EXERCISE REQUIREMENTS: Word for word, repeat the records, leaving every picture behind.

RECORDS SUPPLIED:
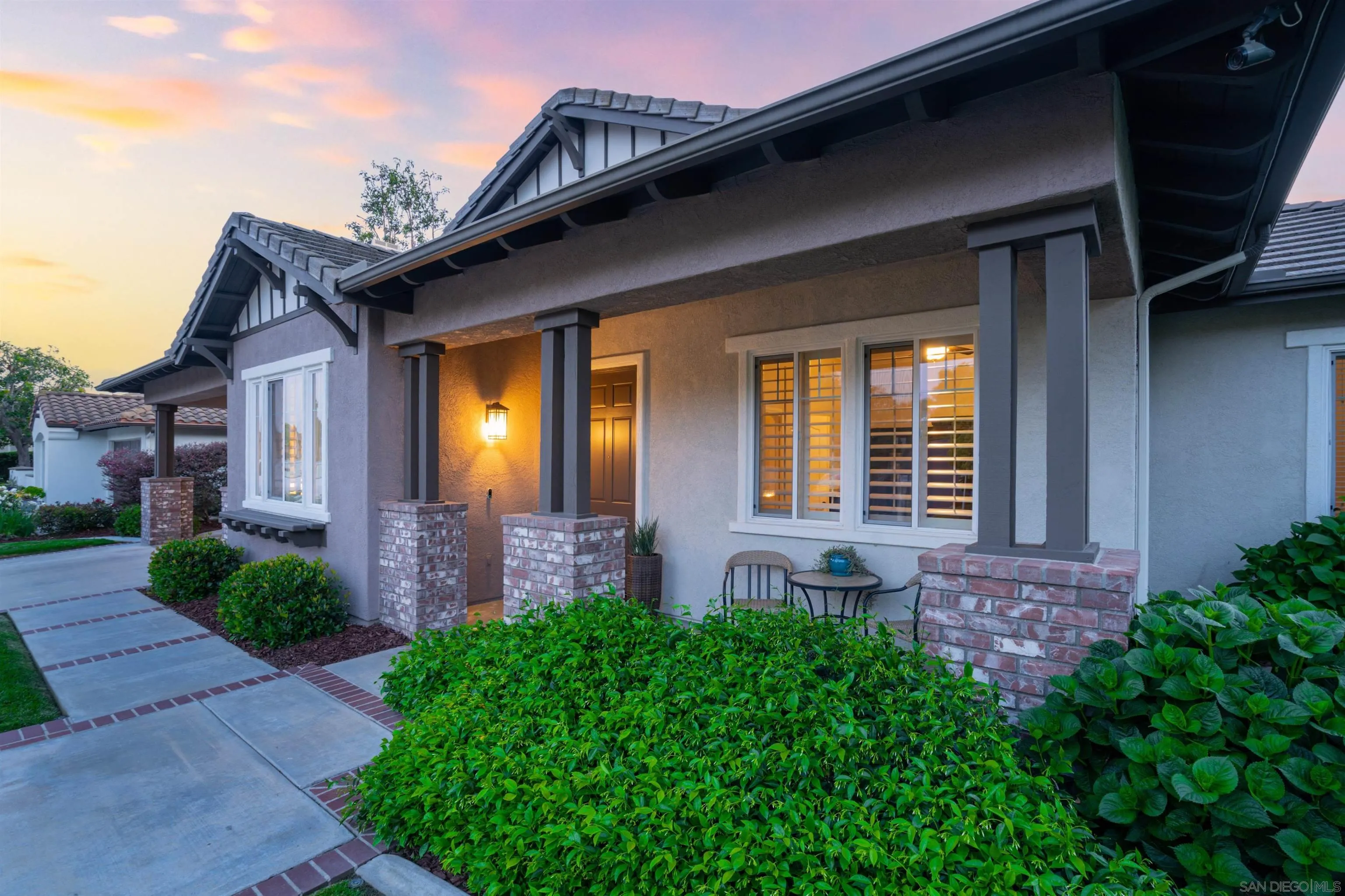585 Inverlochy Drive Fallbrook, CA 92028 - Photo 3 of 44 Gallery Image 3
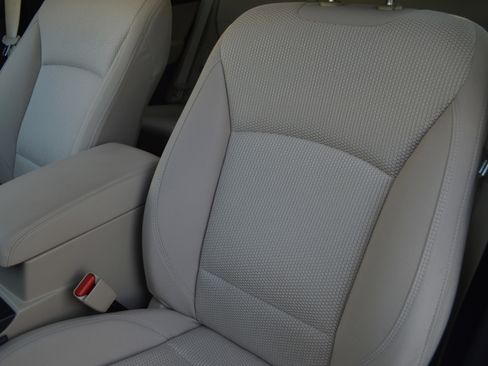 Used 2018 Subaru Outback 2.5i Premium image 27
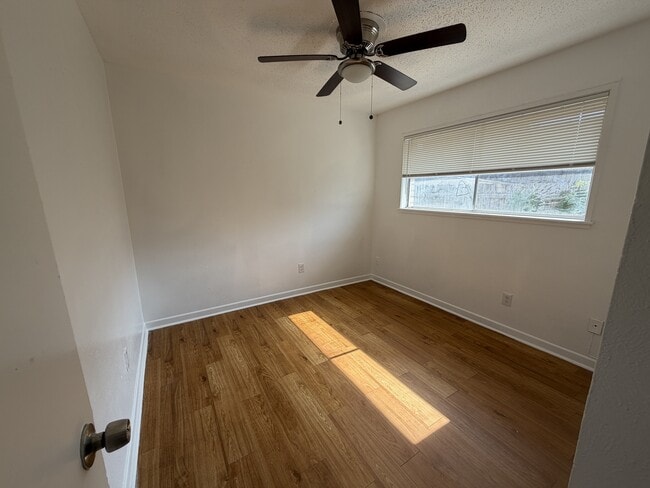 Photo - 2910 Lourdes St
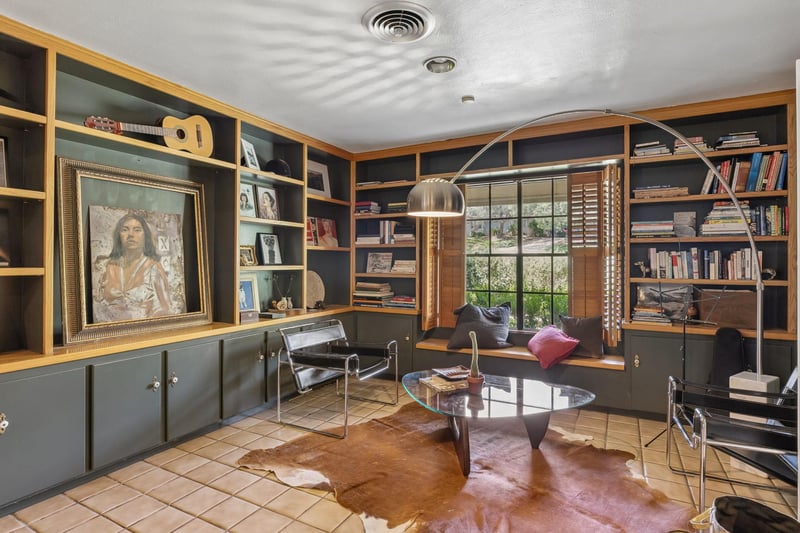 Virtual tour of 103 W Mimosa CIR
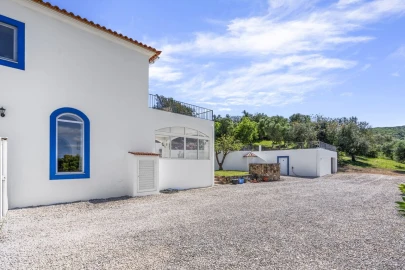 Moradia T5 para Venda em São Bartolomeu de Messines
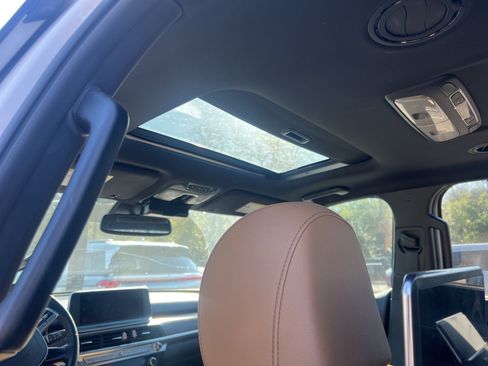 Used 2022 Kia Telluride SX w/ Towing Package image 7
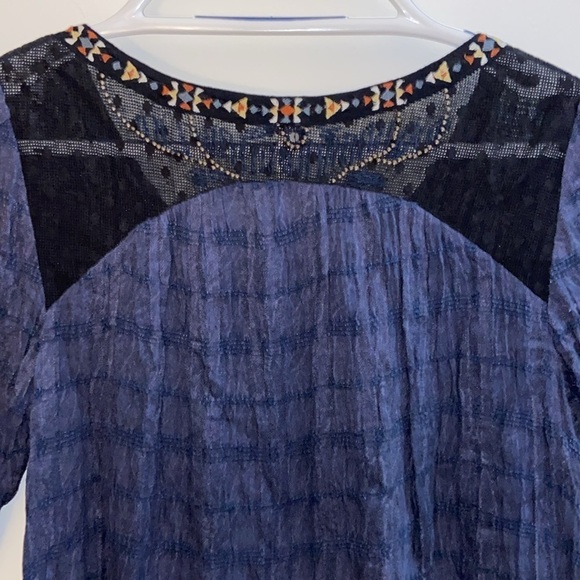 Free People Embroidered Beaded Rayon top in size S, EUC - Picture 6 of 7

WORKED SOLUTION:
585 Inverlochy Drive Fallbrook, CA 92028 - Photo 3 of 44 Gallery Image 3
 Used 2018 Subaru Outback 2.5i Premium image 27
 Photo - 2910 Lourdes St
 Virtual tour of 103 W Mimosa CIR
 Moradia T5 para Venda em São Bartolomeu de Messines
 Used 2022 Kia Telluride SX w/ Towing Package image 7
 Free People Embroidered Beaded Rayon top in size S, EUC - Picture 6 of 7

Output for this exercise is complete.